=== SUPPLIED DATA ===
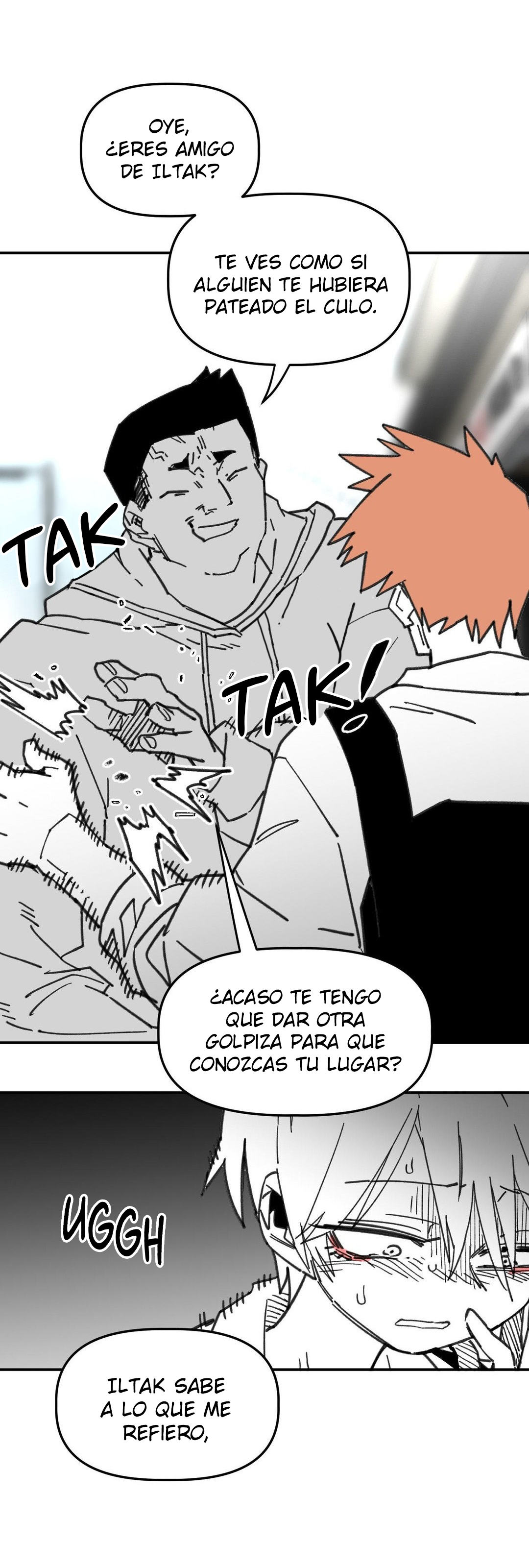 High School Boy Capítulo 58 - Página 48 en español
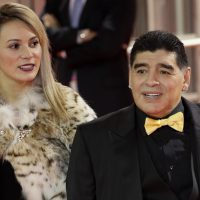 El último escándalo de Diego Maradona y Rocío Oliva en Madrid: gritos, discusiones y amenazas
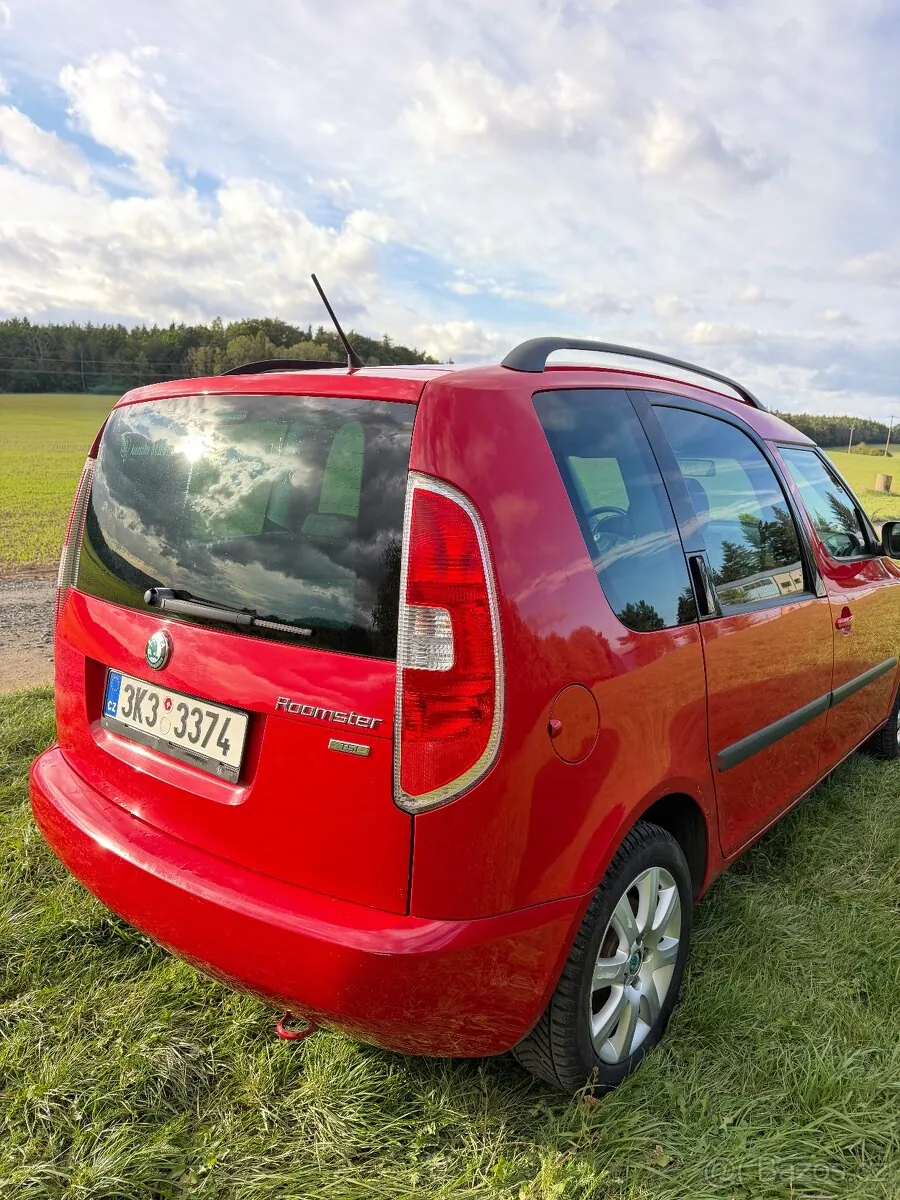 Skoda Romster 2012 photo 2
===
# YOUR GOAL
Return the lines exactly, from the one containing "El último escándalo" through the last line above, including both ends and excluding every picture.

# ANSWER TO THIS EXERCISE
 El último escándalo de Diego Maradona y Rocío Oliva en Madrid: gritos, discusiones y amenazas
 Skoda Romster 2012 photo 2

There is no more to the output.